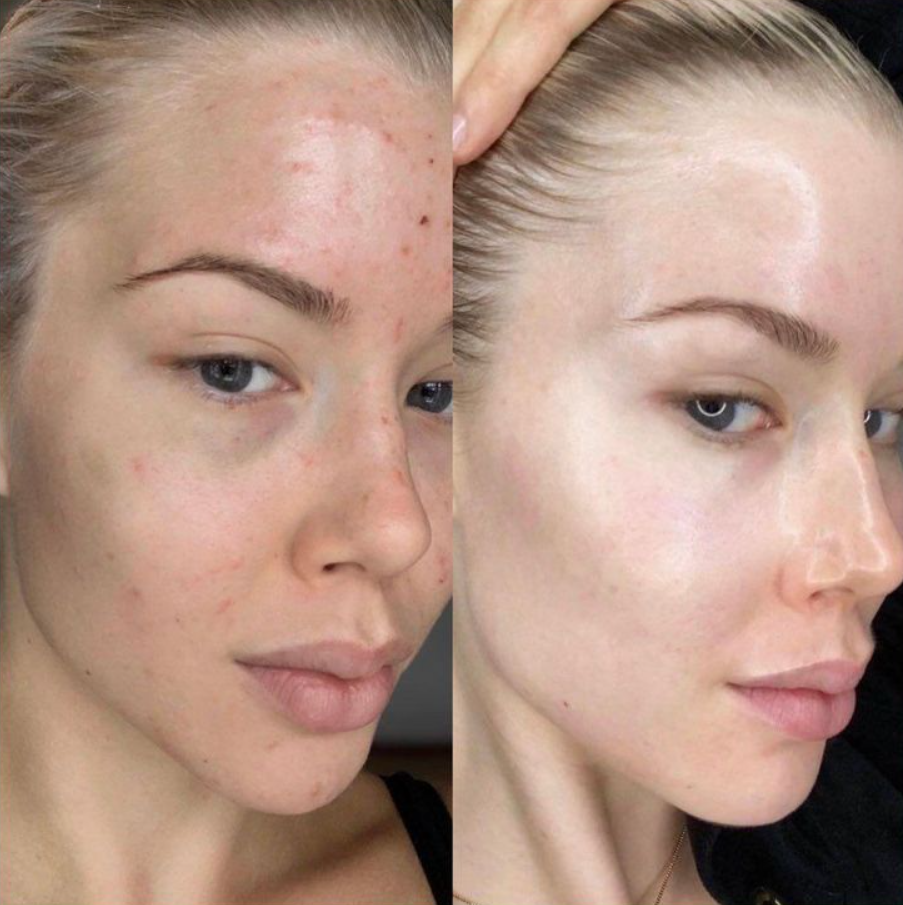Mascarilla Envolvente de Colágeno - Cuidado  Nocturno Intensivo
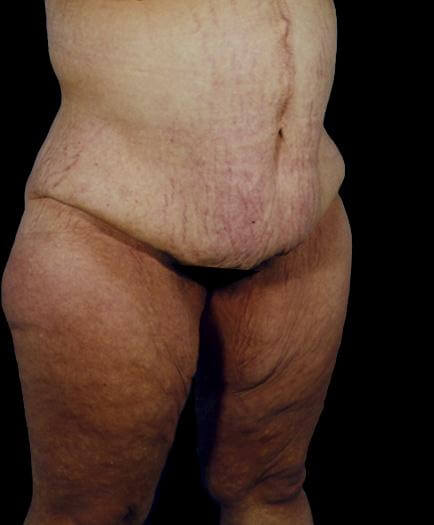 Post Bariatric Surgery Before
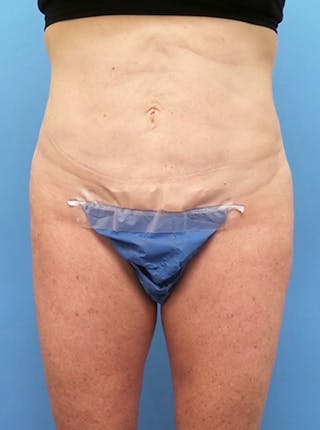 Liposuction Before & After Gallery - Patient 865133 - Image 2
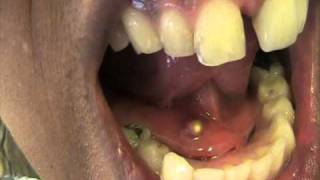 WARNING GRAPHIC AND NASTY Clogged Salivary Gland Stone Self removal and DRAINAGE [upl. by Gayner]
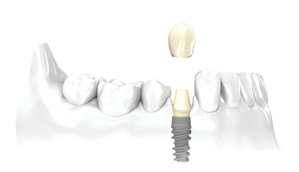Perfect Smile Cemented Implant Supported Crown
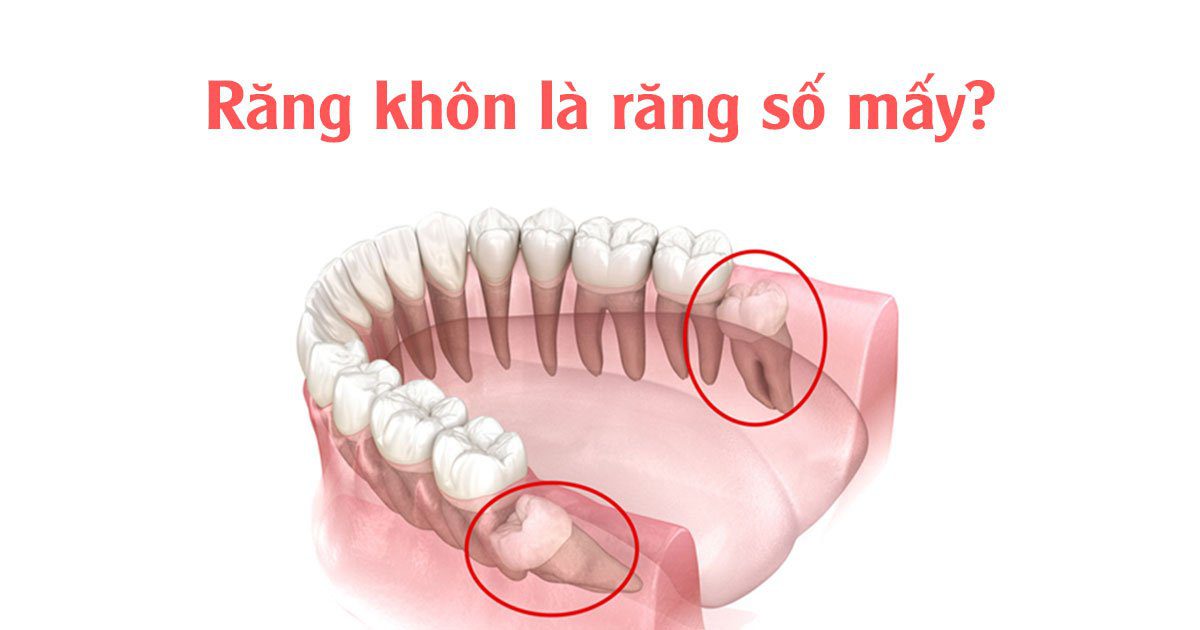 Răng khôn là răng số mấy?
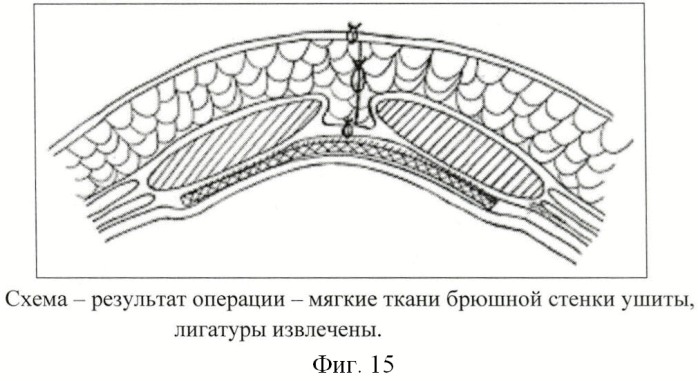 Способ размещения имплантата (патент 2445011)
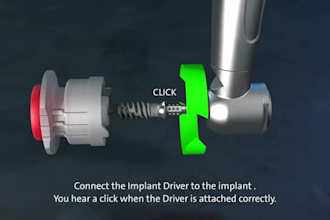 do 3d dental implant animation 3d medical animation 3d dental procedure video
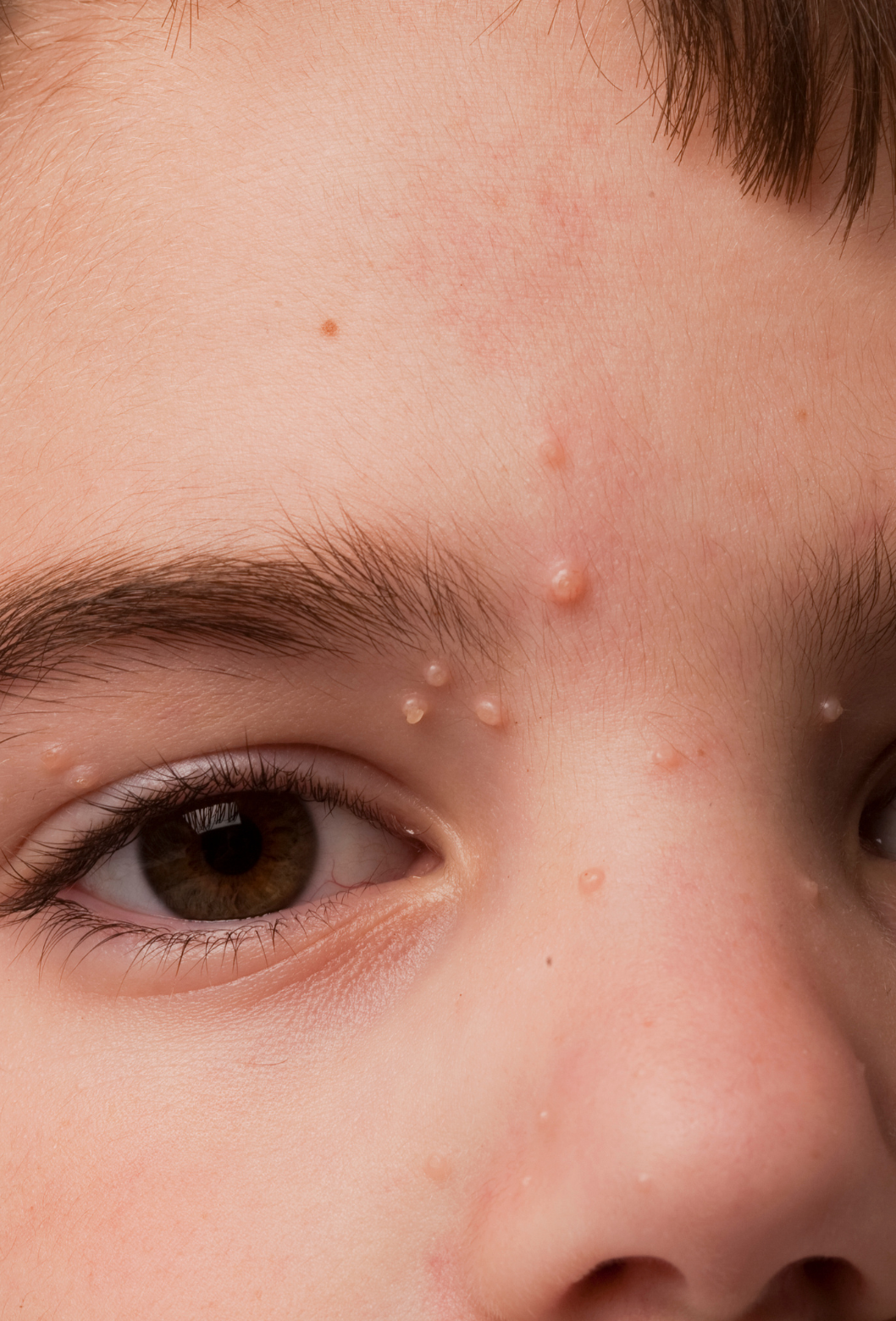 Close-up da testa de uma criança, mostrando sobrancelhas, olhos e região do nariz, com várias verrugas na testa e ao redor das sobrancelhas.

### [YOUR INSTRUCTIONS]
Please restate word for word the lines above, starting with the line that holds "do 3d dental" and ending with the final line of the records, while leaving out pictures.

### [RESULT BELOW]
 do 3d dental implant animation 3d medical animation 3d dental procedure video
 Close-up da testa de uma criança, mostrando sobrancelhas, olhos e região do nariz, com várias verrugas na testa e ao redor das sobrancelhas.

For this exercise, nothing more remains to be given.